:: WHAT THIS TASK INVOLVES ::
Filter the entries for the word "Christmas". Copy each line that has it.

(Stored items from a collection)
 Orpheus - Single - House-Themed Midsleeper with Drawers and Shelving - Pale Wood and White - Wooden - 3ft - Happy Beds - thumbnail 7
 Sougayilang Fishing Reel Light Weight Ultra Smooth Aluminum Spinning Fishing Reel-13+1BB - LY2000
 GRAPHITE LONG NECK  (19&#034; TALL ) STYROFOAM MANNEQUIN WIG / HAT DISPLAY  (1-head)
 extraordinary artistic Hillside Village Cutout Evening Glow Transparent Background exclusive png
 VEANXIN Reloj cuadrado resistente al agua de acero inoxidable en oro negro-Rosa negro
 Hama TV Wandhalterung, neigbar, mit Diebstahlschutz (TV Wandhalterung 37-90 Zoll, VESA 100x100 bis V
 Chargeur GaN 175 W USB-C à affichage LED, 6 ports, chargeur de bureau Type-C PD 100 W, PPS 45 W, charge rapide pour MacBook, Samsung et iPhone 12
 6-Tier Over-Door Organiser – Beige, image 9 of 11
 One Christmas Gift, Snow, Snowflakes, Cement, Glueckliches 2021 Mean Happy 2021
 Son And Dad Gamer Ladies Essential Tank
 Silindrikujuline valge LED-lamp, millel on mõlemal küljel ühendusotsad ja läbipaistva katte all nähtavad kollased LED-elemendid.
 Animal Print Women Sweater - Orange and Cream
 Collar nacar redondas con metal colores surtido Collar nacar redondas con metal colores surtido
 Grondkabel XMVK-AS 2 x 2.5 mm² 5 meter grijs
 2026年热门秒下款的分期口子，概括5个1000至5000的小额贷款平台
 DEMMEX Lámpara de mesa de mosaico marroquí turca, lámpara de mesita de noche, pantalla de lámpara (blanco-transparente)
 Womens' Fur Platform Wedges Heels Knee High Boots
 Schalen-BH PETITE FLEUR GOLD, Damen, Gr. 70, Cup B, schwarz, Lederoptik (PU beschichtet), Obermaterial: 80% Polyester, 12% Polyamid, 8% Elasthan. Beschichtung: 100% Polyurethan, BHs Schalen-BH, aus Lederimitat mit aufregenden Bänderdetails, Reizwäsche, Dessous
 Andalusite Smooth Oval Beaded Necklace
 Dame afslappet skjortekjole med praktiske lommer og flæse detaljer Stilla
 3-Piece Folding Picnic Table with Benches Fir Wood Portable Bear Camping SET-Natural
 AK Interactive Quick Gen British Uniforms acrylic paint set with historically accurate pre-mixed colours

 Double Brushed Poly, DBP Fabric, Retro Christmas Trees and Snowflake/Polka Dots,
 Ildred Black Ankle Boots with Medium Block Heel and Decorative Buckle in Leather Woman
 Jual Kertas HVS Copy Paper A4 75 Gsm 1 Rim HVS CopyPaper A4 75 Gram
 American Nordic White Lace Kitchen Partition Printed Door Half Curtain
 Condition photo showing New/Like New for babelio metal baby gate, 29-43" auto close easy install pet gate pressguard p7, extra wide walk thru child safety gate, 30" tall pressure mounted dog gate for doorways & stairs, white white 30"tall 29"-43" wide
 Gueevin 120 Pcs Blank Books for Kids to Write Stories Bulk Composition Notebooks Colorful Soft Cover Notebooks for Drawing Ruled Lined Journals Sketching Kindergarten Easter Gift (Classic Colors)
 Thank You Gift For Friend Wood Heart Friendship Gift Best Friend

:: WRITTEN SOLUTION ::
 One Christmas Gift, Snow, Snowflakes, Cement, Glueckliches 2021 Mean Happy 2021
 Double Brushed Poly, DBP Fabric, Retro Christmas Trees and Snowflake/Polka Dots,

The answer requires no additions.